**Supplied records:**
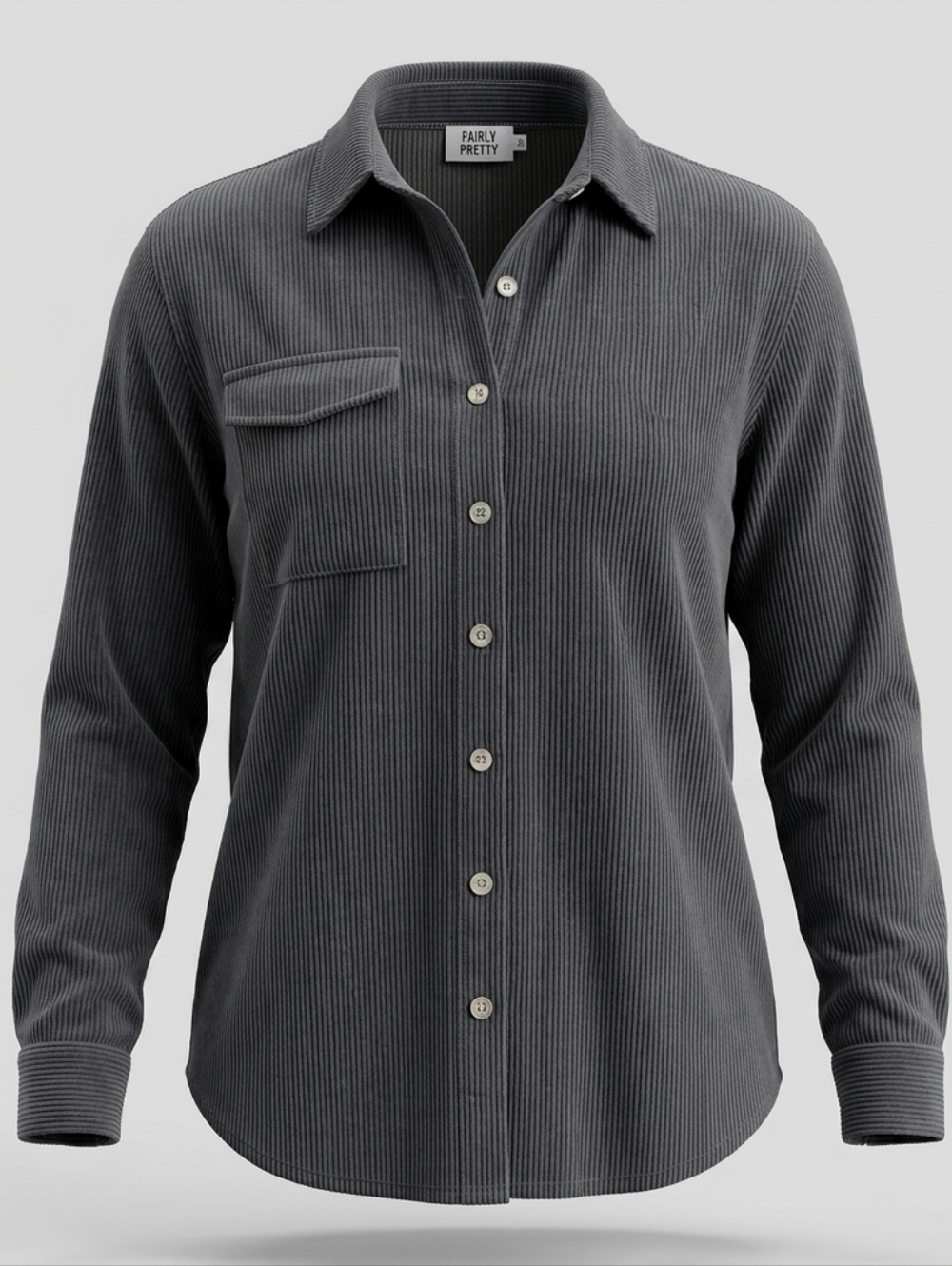 Princess Polly Corduroy Charcoal Grey Oversized Women's Shirt/Shacket Size 6
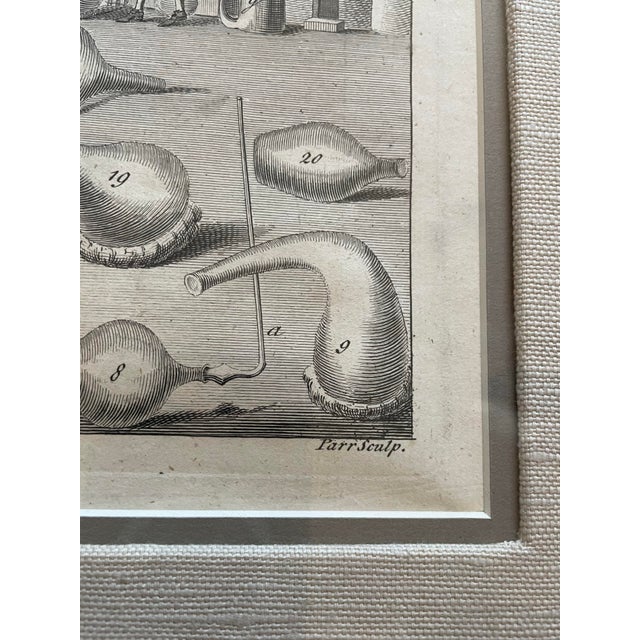 Sculpture Materials Nathaniel Parr Engraving 1751 for J. HInton's New Dictionary of Arts & Sciences. Chemical Laboratory For Sale - Image 7 of 12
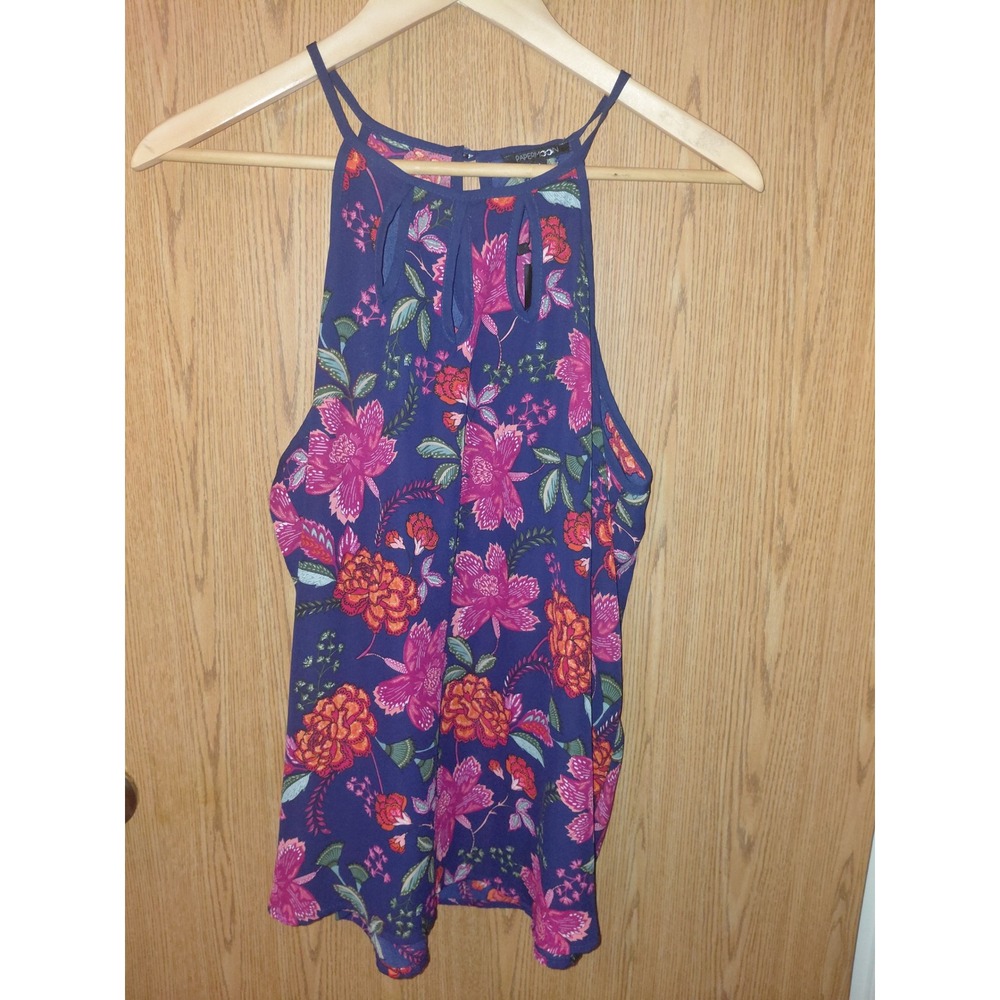 Papermoon Womens XL Floral Halter Top Navy Blue Pink Orange Keyhole Neck Blouse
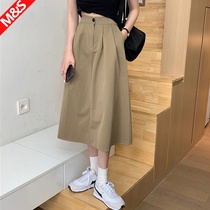 High-waisted a-line skirt Retro Japanese tooling style Khaki skirt Female medium-long commuter crotch umbrella skirt summer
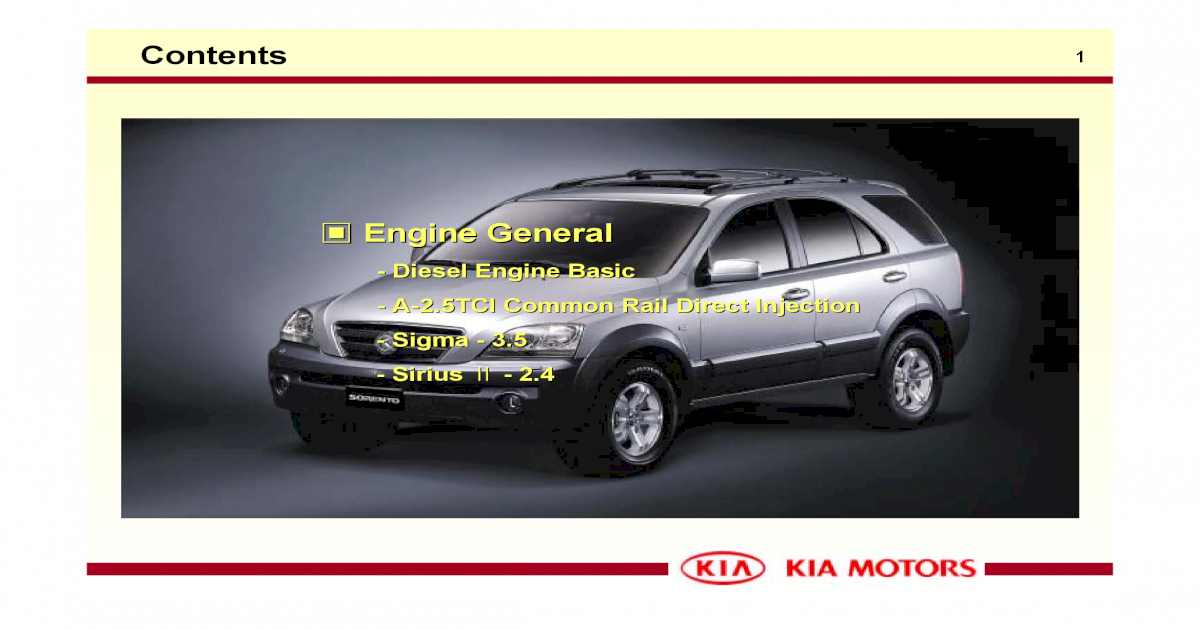 download KIA SORENTO BL G 3.5 DOHC workshop manual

**What is expected:** Pictures appear in the records above. Output everything except them, exactly.

**Written solution:**
 Princess Polly Corduroy Charcoal Grey Oversized Women's Shirt/Shacket Size 6
 Sculpture Materials Nathaniel Parr Engraving 1751 for J. HInton's New Dictionary of Arts & Sciences. Chemical Laboratory For Sale - Image 7 of 12
 Papermoon Womens XL Floral Halter Top Navy Blue Pink Orange Keyhole Neck Blouse
 High-waisted a-line skirt Retro Japanese tooling style Khaki skirt Female medium-long commuter crotch umbrella skirt summer
 download KIA SORENTO BL G 3.5 DOHC workshop manual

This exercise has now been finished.